### EXERCISE DIRECTIONS
From the line with "Rückblick im Aufstieg." to the line with "Булочки-ватрушки с ягодным ассорти .", retype each line exactly as it stands in the records below, but skip the pictures.

### DATA FOR THIS EXERCISE
──────────────────────────────

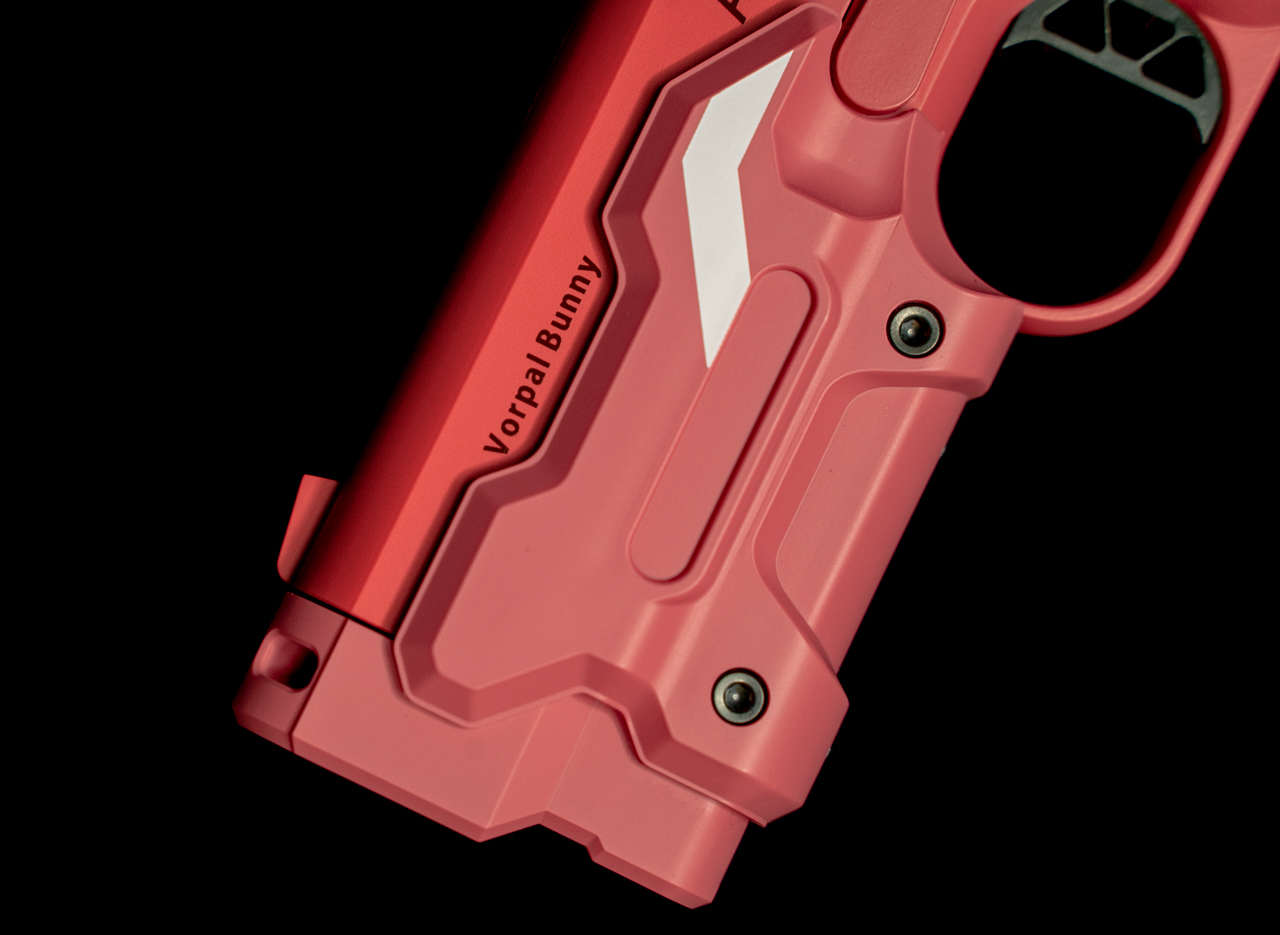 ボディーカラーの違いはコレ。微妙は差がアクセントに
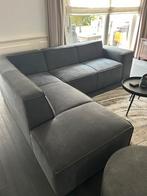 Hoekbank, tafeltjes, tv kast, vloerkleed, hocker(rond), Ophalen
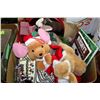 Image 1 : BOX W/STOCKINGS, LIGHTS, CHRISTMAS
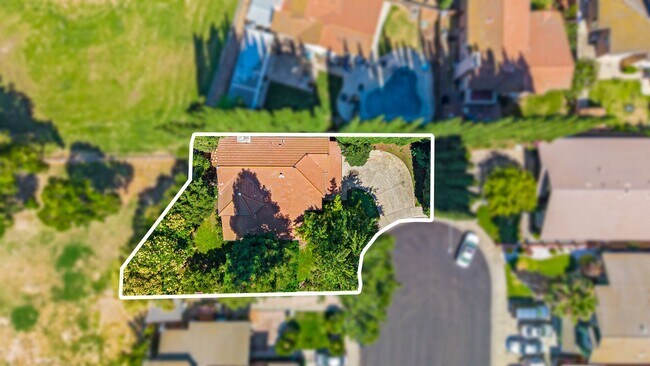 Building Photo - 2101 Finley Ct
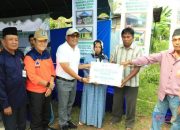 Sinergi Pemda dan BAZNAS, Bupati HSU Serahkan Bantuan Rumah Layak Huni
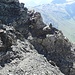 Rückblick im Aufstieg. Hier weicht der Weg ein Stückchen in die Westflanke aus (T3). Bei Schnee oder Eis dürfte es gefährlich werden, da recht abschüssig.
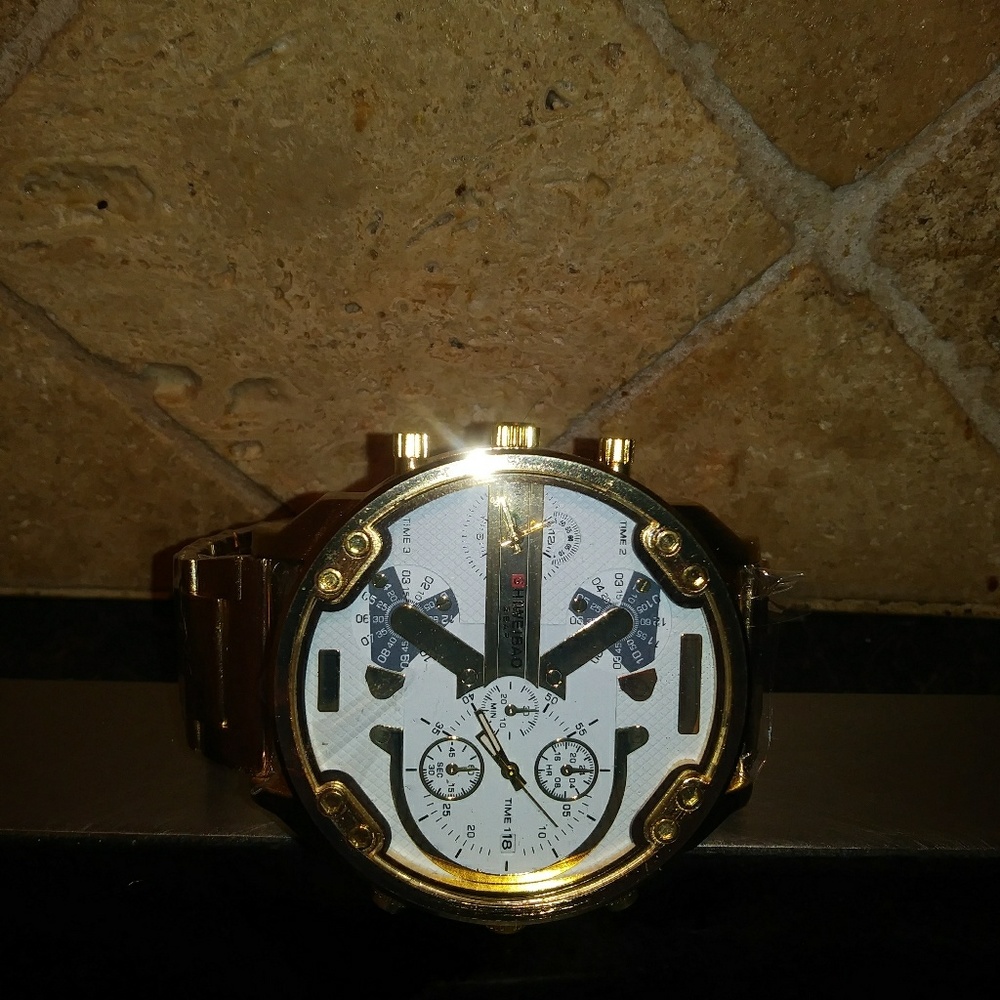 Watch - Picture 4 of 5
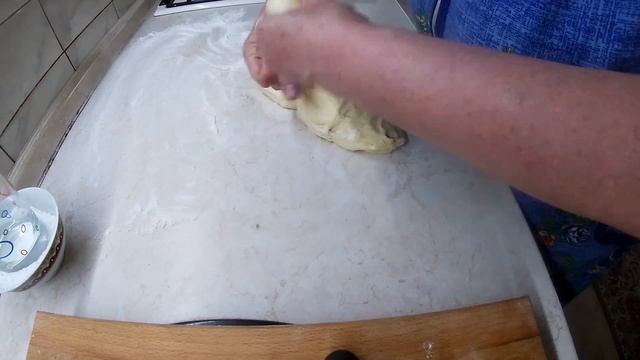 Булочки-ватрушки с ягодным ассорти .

──────────────────────────────

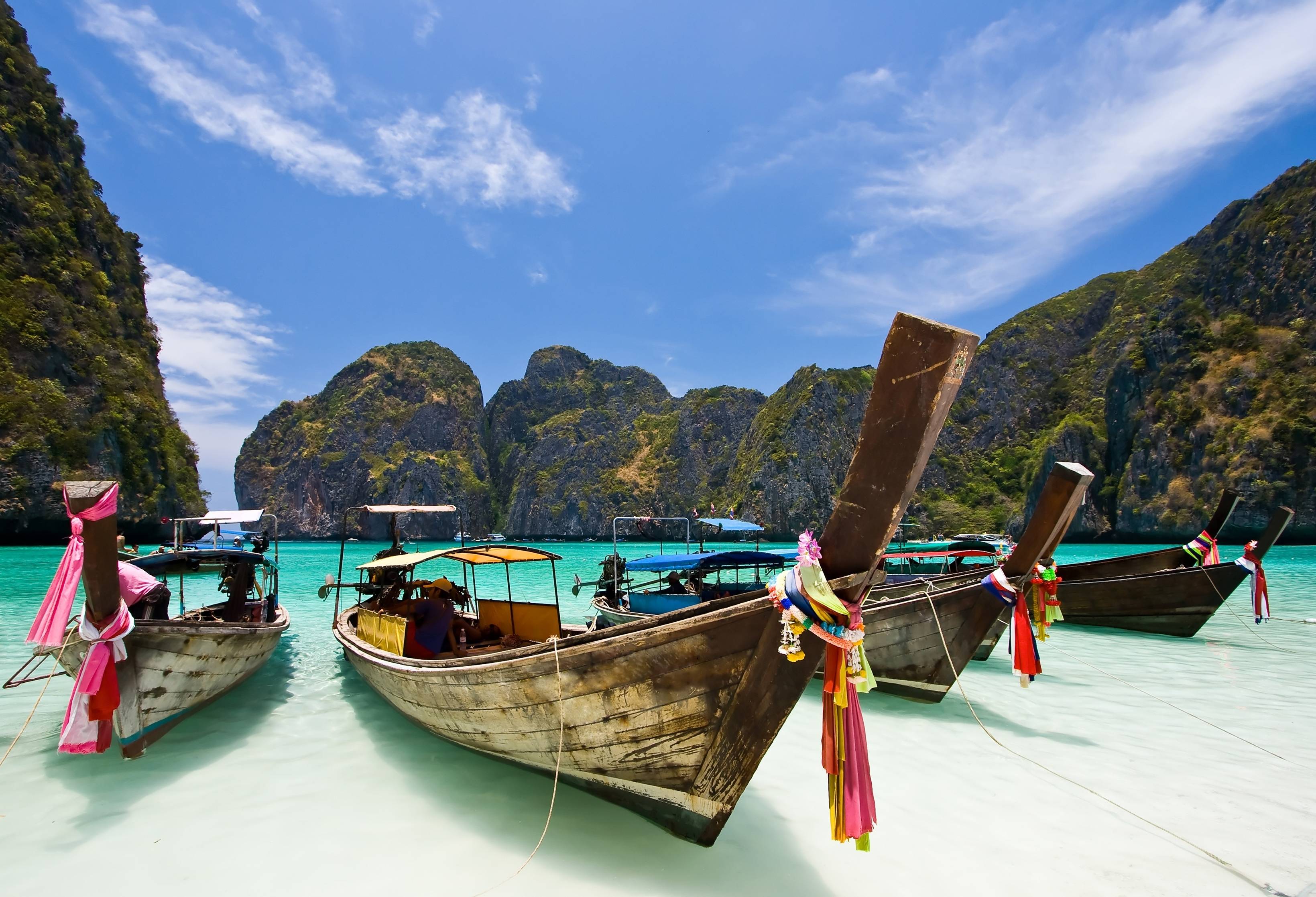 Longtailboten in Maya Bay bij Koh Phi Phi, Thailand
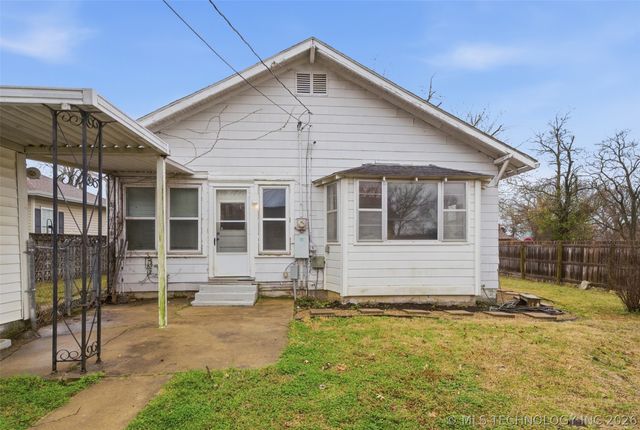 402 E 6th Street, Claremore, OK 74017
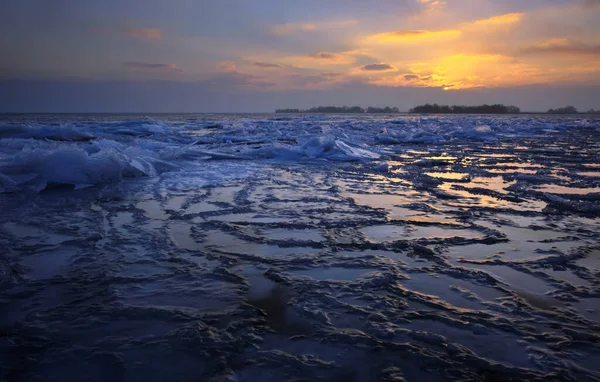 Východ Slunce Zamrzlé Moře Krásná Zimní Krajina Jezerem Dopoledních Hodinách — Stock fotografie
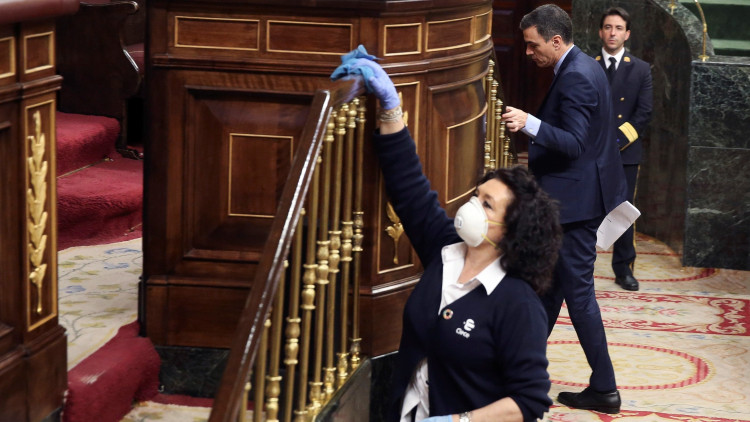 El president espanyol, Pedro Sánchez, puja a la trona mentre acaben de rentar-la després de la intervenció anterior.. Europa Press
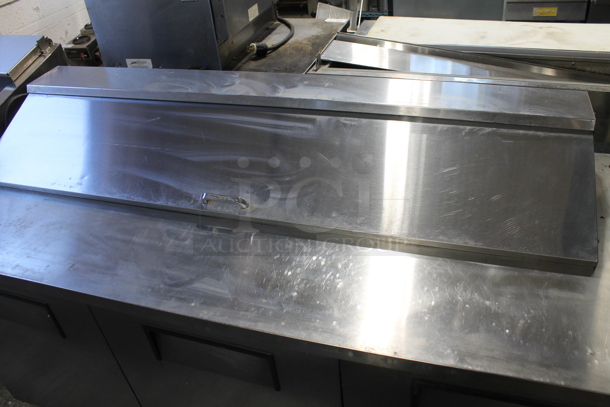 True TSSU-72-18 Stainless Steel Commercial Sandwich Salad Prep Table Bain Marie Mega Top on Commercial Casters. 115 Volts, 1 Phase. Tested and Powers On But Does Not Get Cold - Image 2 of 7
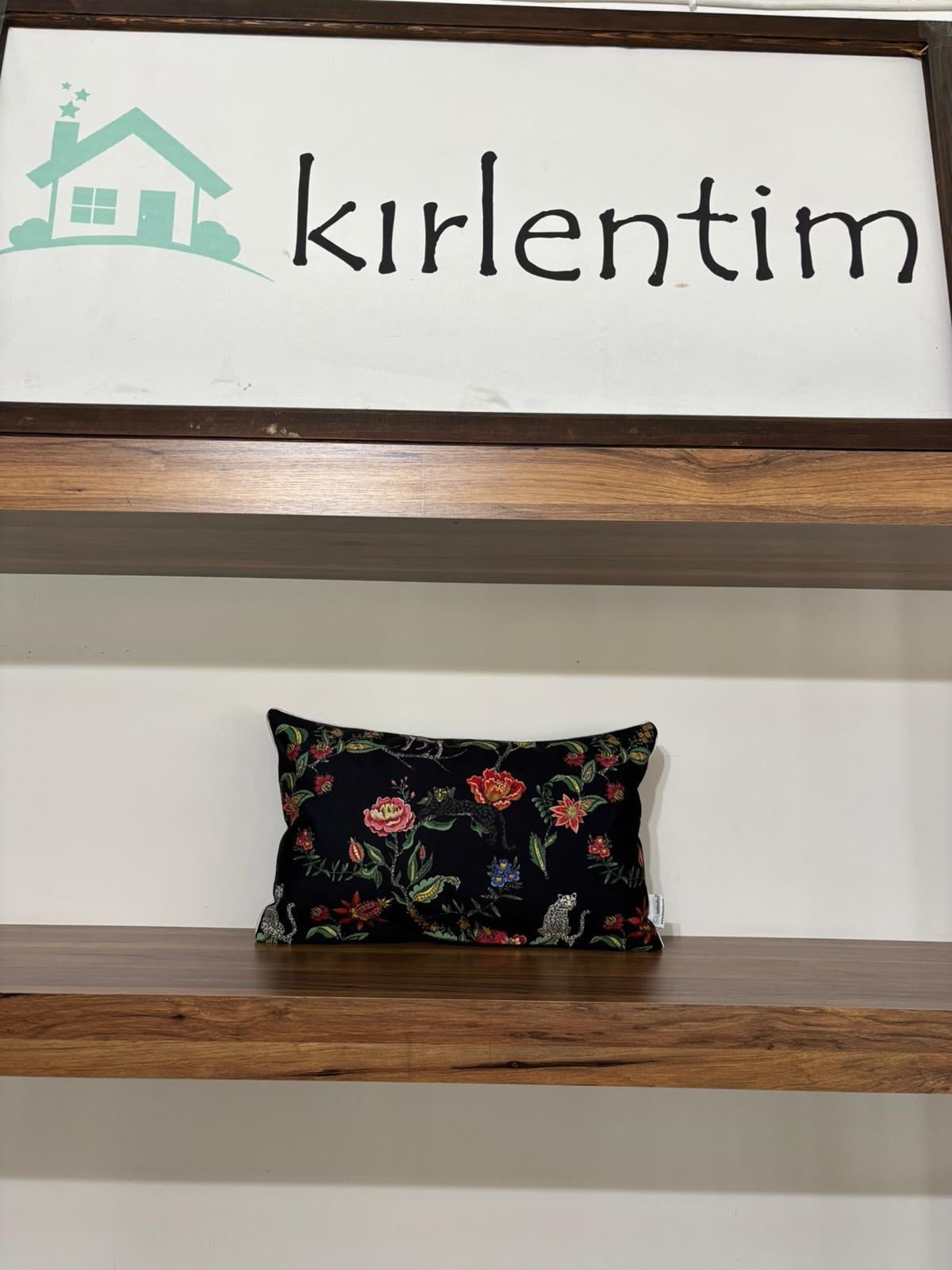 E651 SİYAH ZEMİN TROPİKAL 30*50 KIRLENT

──────────────────────────────

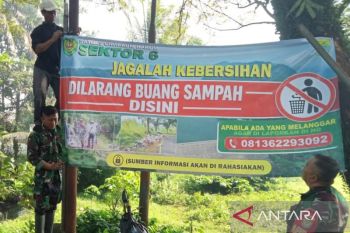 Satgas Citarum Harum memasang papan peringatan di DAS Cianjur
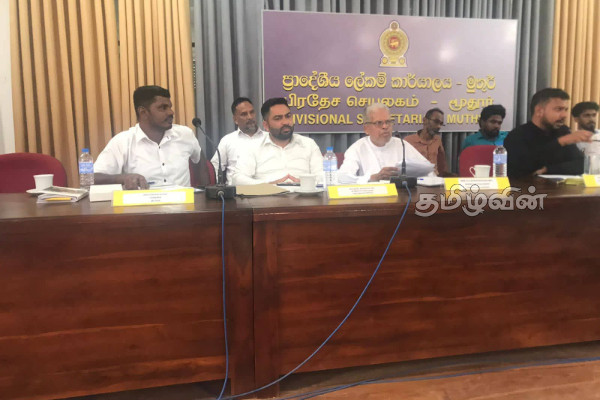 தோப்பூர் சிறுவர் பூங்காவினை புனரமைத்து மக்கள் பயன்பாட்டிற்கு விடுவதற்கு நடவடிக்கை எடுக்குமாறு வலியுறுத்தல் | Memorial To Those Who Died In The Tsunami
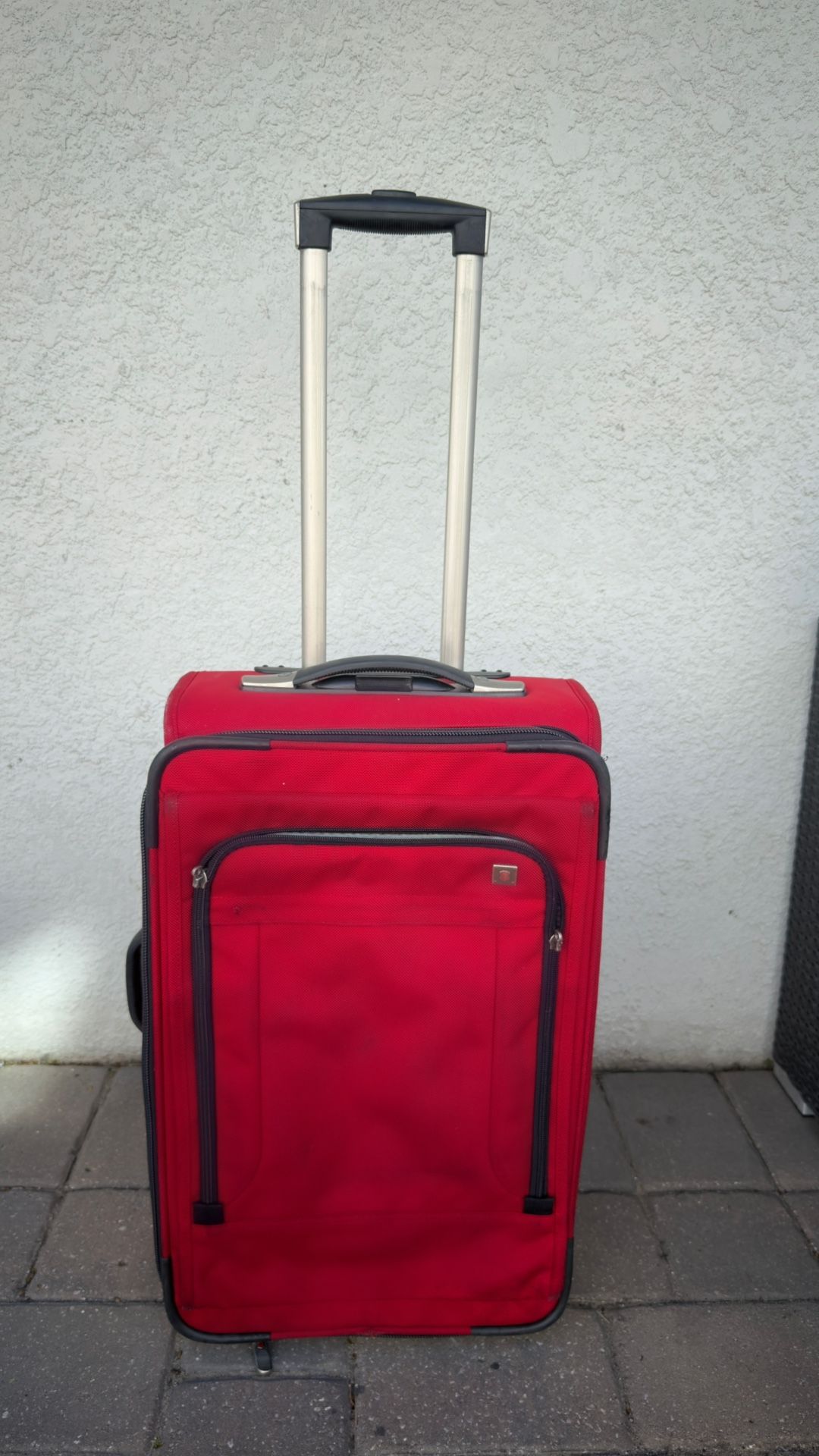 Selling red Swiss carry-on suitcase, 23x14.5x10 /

──────────────────────────────

### TASK ANSWER
 Rückblick im Aufstieg. Hier weicht der Weg ein Stückchen in die Westflanke aus (T3). Bei Schnee oder Eis dürfte es gefährlich werden, da recht abschüssig.
 Watch - Picture 4 of 5
 Булочки-ватрушки с ягодным ассорти .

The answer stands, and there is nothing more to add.